«Bin beim Ostereier suchen.» Die knappe Notiz, die Walter Stürm am 13. April 1981 bei seinem spektakulärsten Ausbruch hinterliess, spricht Bände: Der Mann hatte Humor. Und liess sich von niemandem die Freiheit nehmen.
Insgesamt achtmal gelang dem populärsten Räuber, den die Schweiz je gesehen hat, in den 1970ern, 80ern und 90ern die Flucht aus dem Gefängnis. Filmreifer Stoff, der es 2021 – über zwei Jahrzehnte nach seinem Freitod – auf die grosse Leinwand schaffte.
Joel Basman verkörpert den Ausbrecherkönig mit breitem St.-Galler-Dialekt und reichlich Schalk im Nacken.
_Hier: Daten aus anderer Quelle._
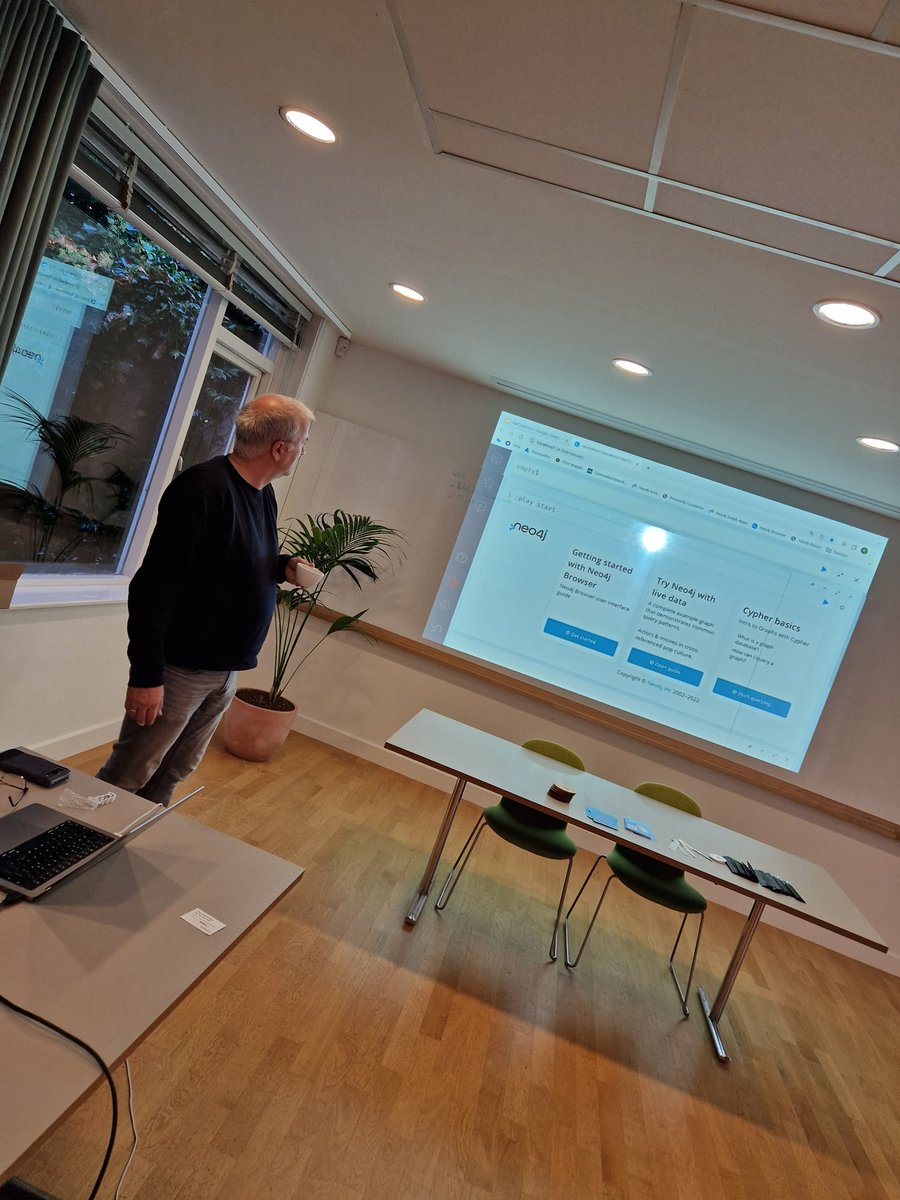 Kees Vegter gives an introductory training on the <a href="/neo4j/">Neo4j</a> world leading graph database #graphdatabase #neo4j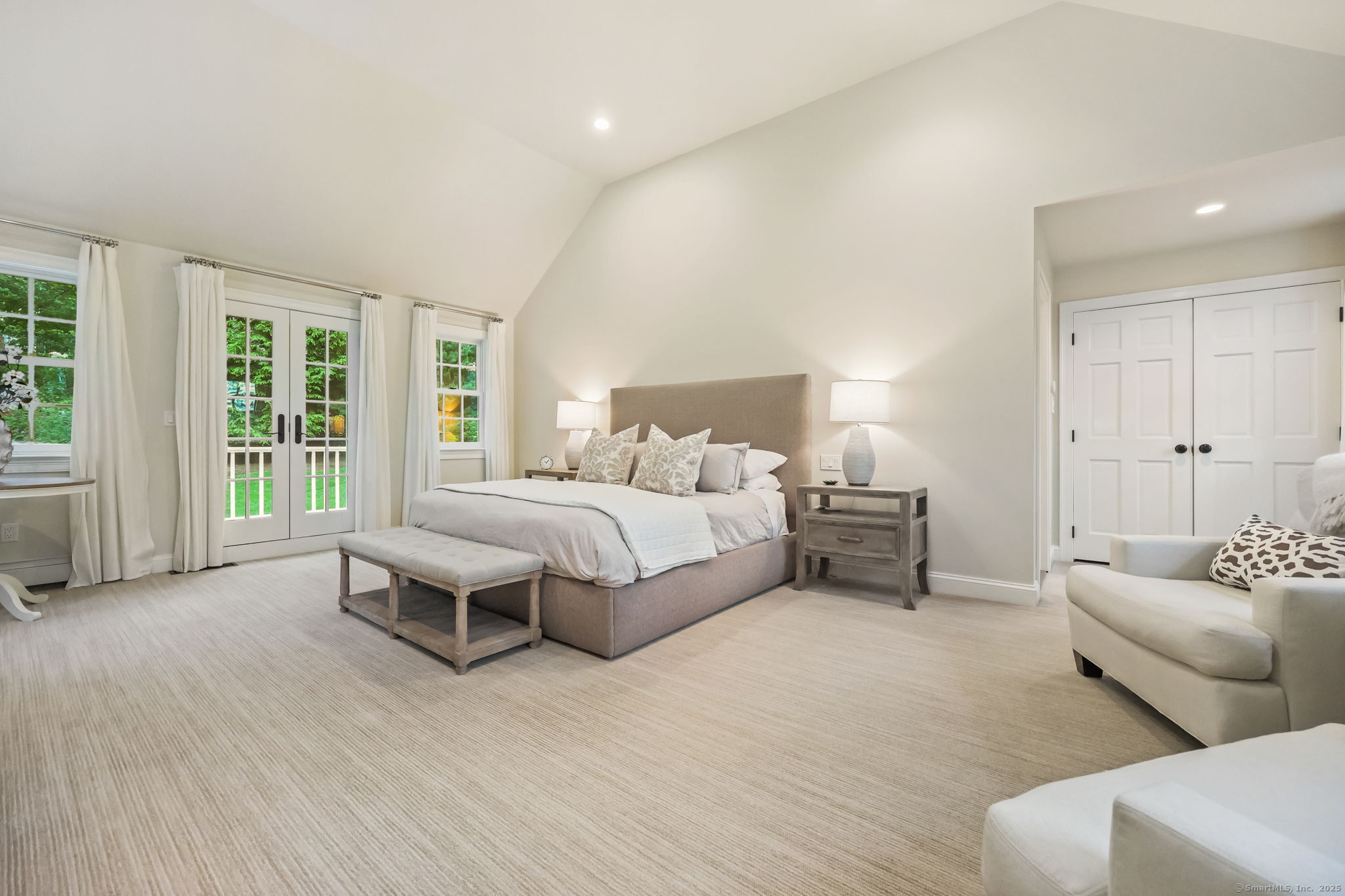 6 Weathervane Hill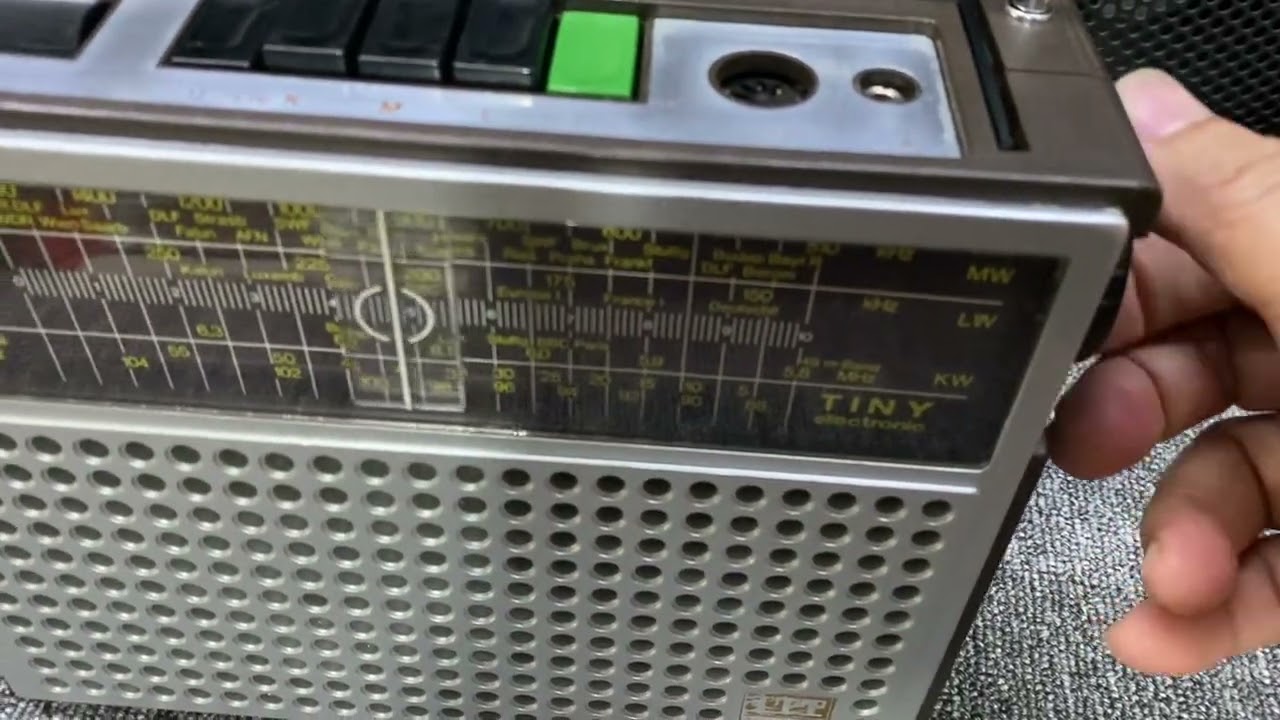 (đ&atilde; b&aacute;n)Đ&agrave;i radio cổ ch&acirc;u &Acirc;u ITT-107 m&aacute;y đẹp lh-0936631939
Überraschenderweise setzt «Stürm – Bis wir tot sind oder frei» nicht auf ihn als primäre Identifikationsfigur.
Stürms bessere Hälfte
Die eigentliche Heldin des Films dürfte kaum jemand kennen: Barbara Hug, Stürms Strafverteidigerin. Die körperlich durch ein Nierenleiden stark beeinträchtigte Anwältin wird von Marie Leuenberger gespielt.
Für die Freiheit ihrer Mandanten und bessere Haftbedingungen habe sich Hug «wie eine Wahnsinnige ins Zeug gelegt», sagt die mehrfach preisgekrönte Schauspielerin im Interview. Die eigene Gesundheit habe sie dabei sträflich vernachlässigt: «Anders als Stürm hat sie viel geraucht und getrunken. Sie lief an Krücken und betäubte ihre chronischen Schmerzen mit Morphium. Eine echte Kämpfernatur.»
Ob Walter Stürm in Barbara Hug auch in Wirklichkeit romantische Gefühle weckte, wie der Film suggeriert, spielt im Grunde keine Rolle. Fakt ist: Beide Parteien profitierten enorm voneinander.
Die Win-win-Situation beflügelte offensichtlich auch Marie Leuenberger und Joel Basman: Seine Verwandlungskunst stachelte ihre an – und umgekehrt. Mit «Stürm» stossen die zwei Schauspiel-Chamäleons in neue Sphären vor. Er als falscher Ostschweizer. Sie hinkend.
Warum der Vergleich mit Ché hinkt
Barbara Hug erkannte im Rebellen Walter Stürm eine Symbolfigur, die ihren politischen Forderungen ein Gesicht gab. Im Film macht sie den Ausbrecherkönig ihren «Genossen» vom Zürcher Anwaltskollektiv mit folgenden Worten schmackhaft: «Er ist clever, unterhaltsam, gewaltfrei. Auf das fahren die Leute doch ab. Mit ihm bringen wir unsere Botschaft rüber. Der Mann ist unser Ché!»
Anders als Ché Guevara verstand sich Stürm nie als politischer Mensch. Gesellschaftspolitische Fragen interessierten den Poster-Boy der Linken nur, wenn sie seine eigenes Lebenbetrafen. Das Essen schien dabei eine besonders wichtige Rolle zu spielen.
«Es kostet nichts, ein gutes Birchermüesli zu machen», wird der stürmische Beamtenschreck im Film direkt zitiert: «Und trotzdem wird’s im Knast beschissen gemacht. Weil sie dir die Würde nehmen wollen. Nur darum geht’s: die Menschenwürde!»
Müesli als Mass für Menschenwürde
«Es ist ihm nie ums Birchermüesli gegangen», sagt Stürm-Darsteller Joel Basman im Interview: «Sondern darum, den bürokratischen Staat mit seinen eigenen Waffen zu schlagen. Und das hat er geschafft.»
Stürms bockiges Verhalten den Beamten gegenüber als kindisch abzukanzeln, werde der Sache nicht gerecht, findet Basman: «Ich würde es sogar als höchst erwachsen bezeichnen. Denn in der Schweiz von damals würden wir alle nicht leben wollen.»
In einem Punkt gab sogar Amnesty International Stürm recht: Die Gefängnisverordnung der Schweiz verstiess lange gegen die Menschenrechtskonvention. Was im Kanton Jura 1991 tatsächlich zu einer Revision im Sinne der Insassen führte.